No pictures belong in the copy. Retype exactly, and only, the stretch of lines below from the one with "Массовый обман вкладчиков" through the one with "A magyarok kedvelt".

Data records:

============

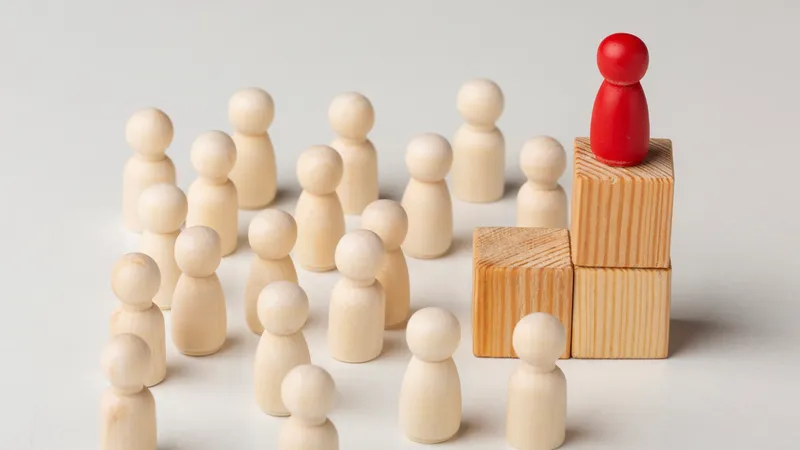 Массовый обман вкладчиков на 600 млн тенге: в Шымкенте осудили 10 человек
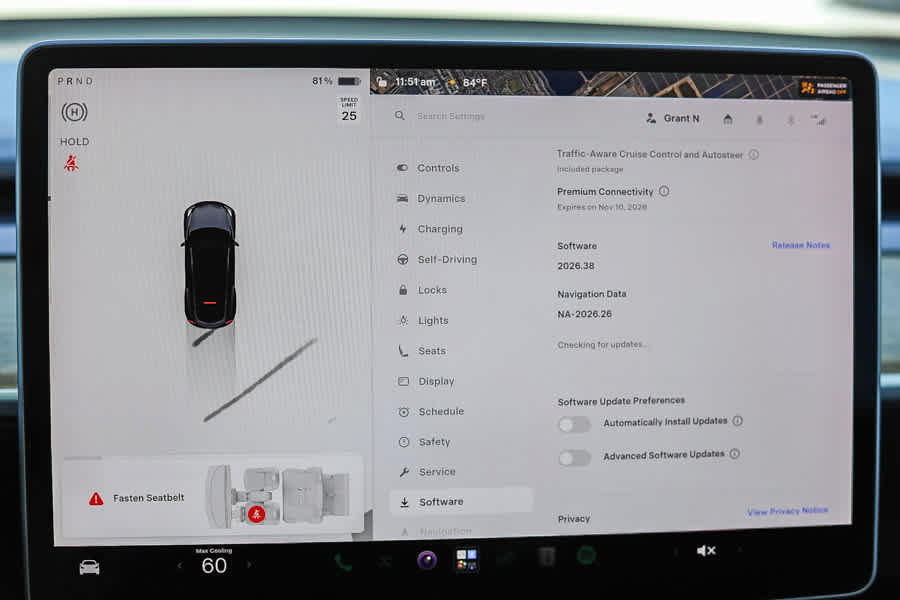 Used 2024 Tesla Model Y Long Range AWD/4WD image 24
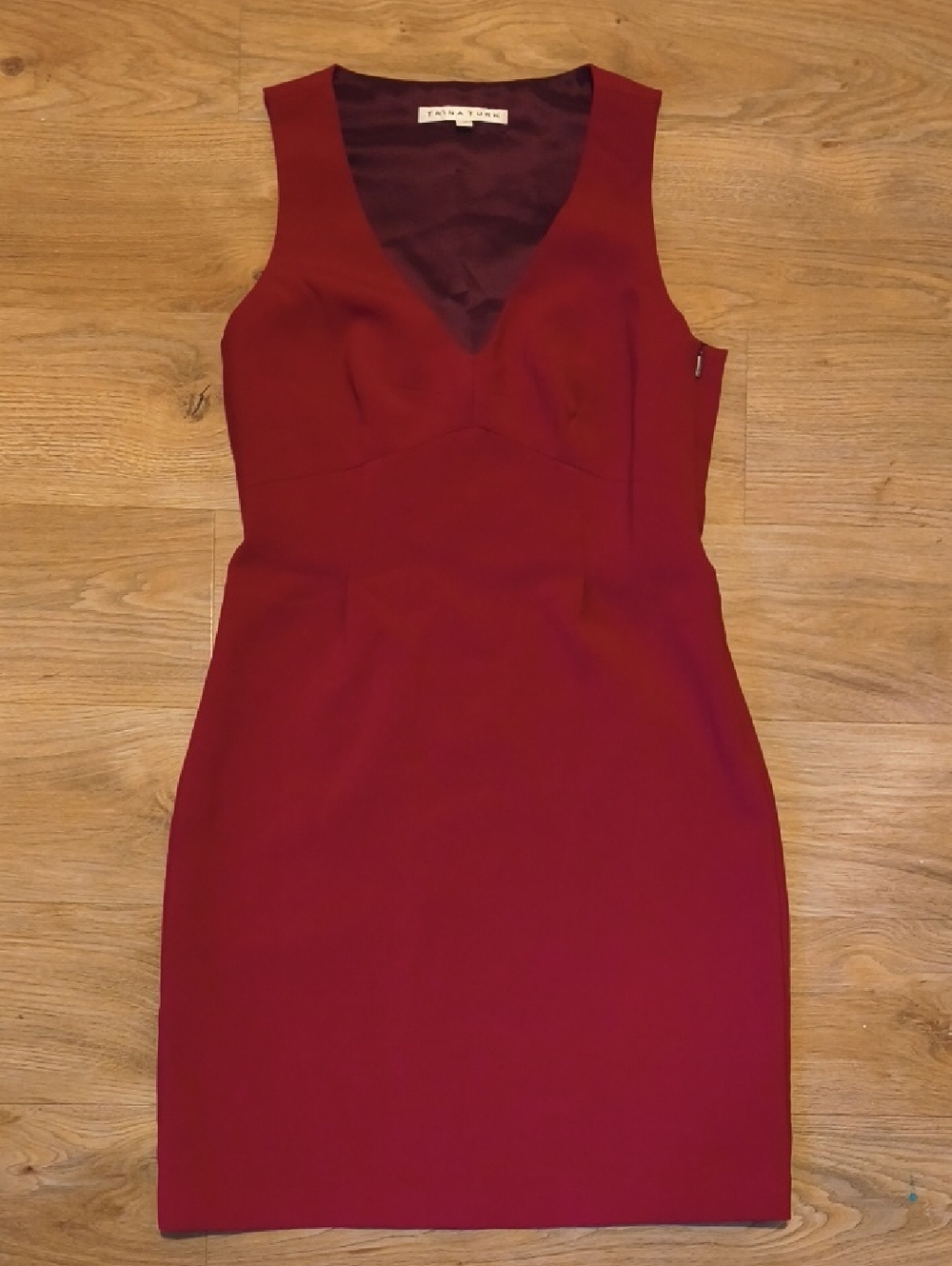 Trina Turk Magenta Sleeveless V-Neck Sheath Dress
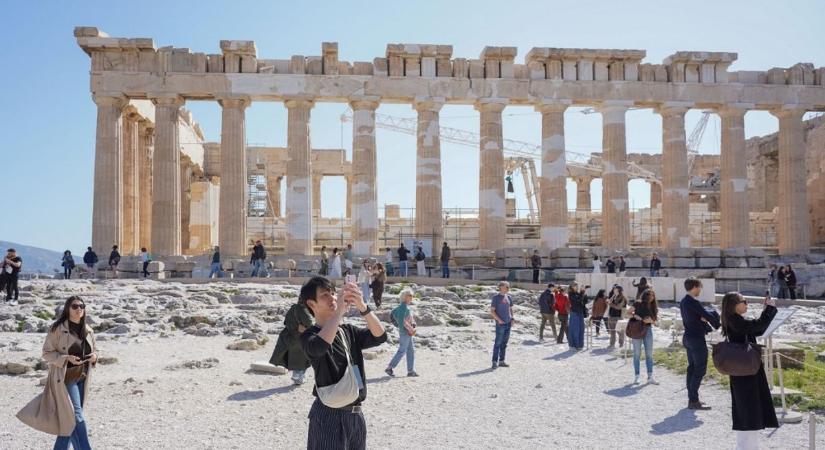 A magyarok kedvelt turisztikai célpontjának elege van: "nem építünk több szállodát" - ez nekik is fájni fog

============

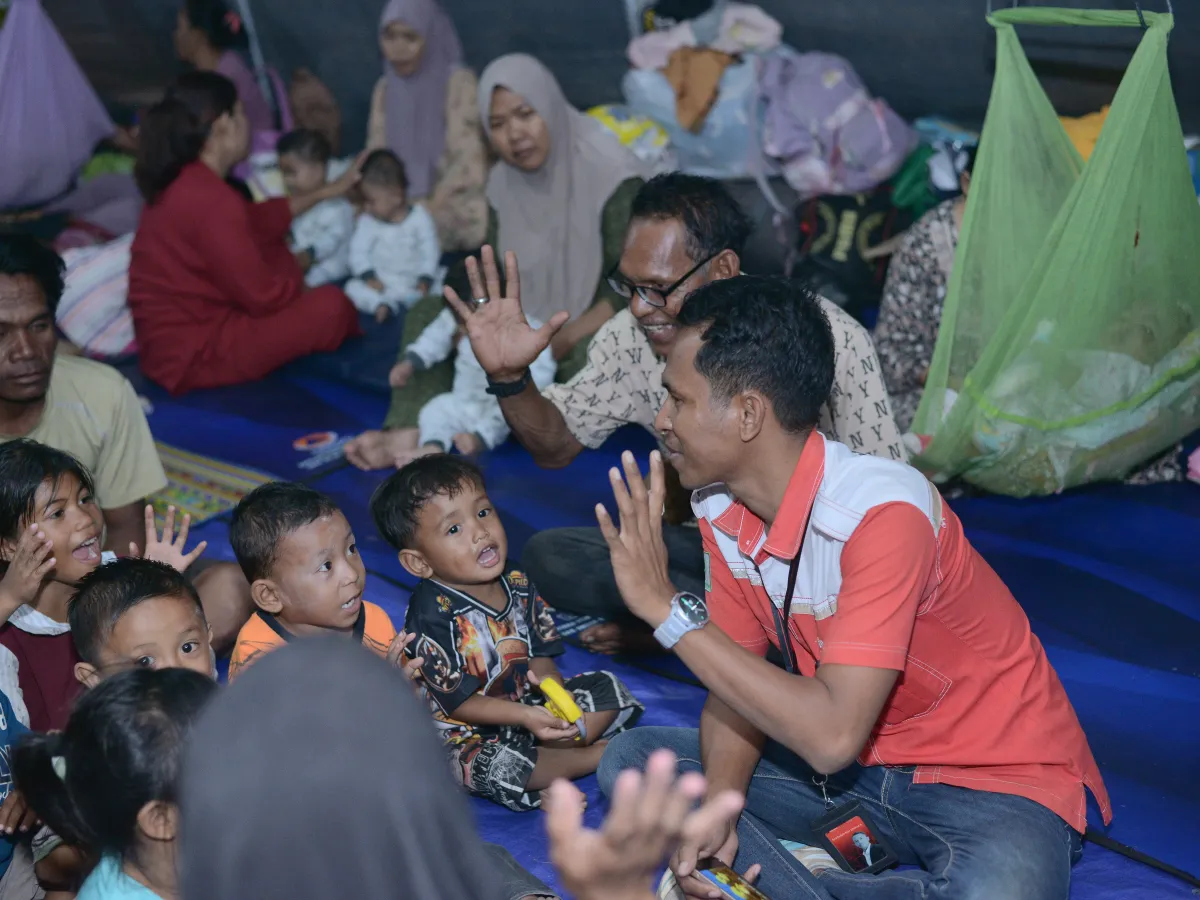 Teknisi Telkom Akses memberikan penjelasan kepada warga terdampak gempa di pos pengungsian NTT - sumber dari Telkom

============

Response to this task:
 Массовый обман вкладчиков на 600 млн тенге: в Шымкенте осудили 10 человек
 Used 2024 Tesla Model Y Long Range AWD/4WD image 24
 Trina Turk Magenta Sleeveless V-Neck Sheath Dress
 A magyarok kedvelt turisztikai célpontjának elege van: "nem építünk több szállodát" - ez nekik is fájni fog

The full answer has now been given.